A faithful, word-for-word copy of the data below is required, without pictures.

GIVEN INFORMATION>
* * * * * * * * *
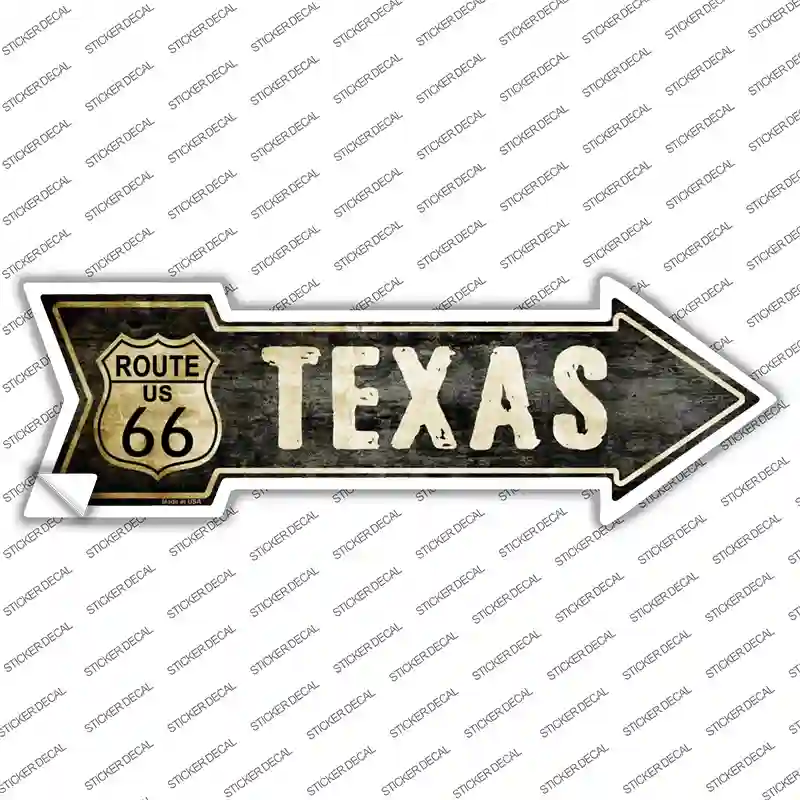 Vintage Route 66 Texas Novelty Arrow Sticker Decal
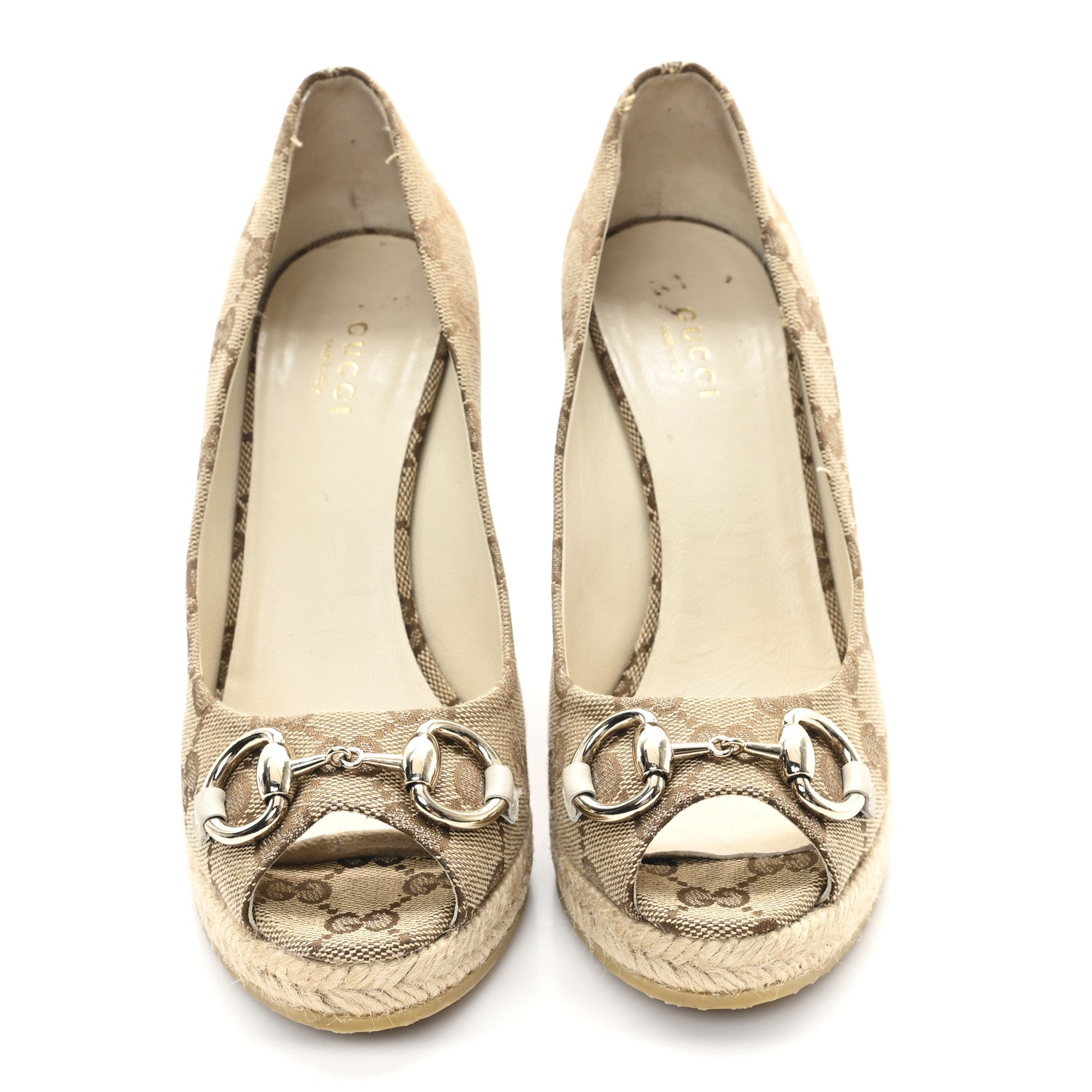 Gucci Monogram Horsebit Open Toe Espadrille Wedges 36 Beige 3 of 10
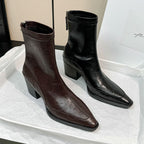 Damen elegante Ankle Boots mit robustem Blockabsatz und spitz zulaufender Zehenpartie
* * * * * * * * *
RESPONSE AREA>
 Vintage Route 66 Texas Novelty Arrow Sticker Decal
 Gucci Monogram Horsebit Open Toe Espadrille Wedges 36 Beige 3 of 10
 Damen elegante Ankle Boots mit robustem Blockabsatz und spitz zulaufender Zehenpartie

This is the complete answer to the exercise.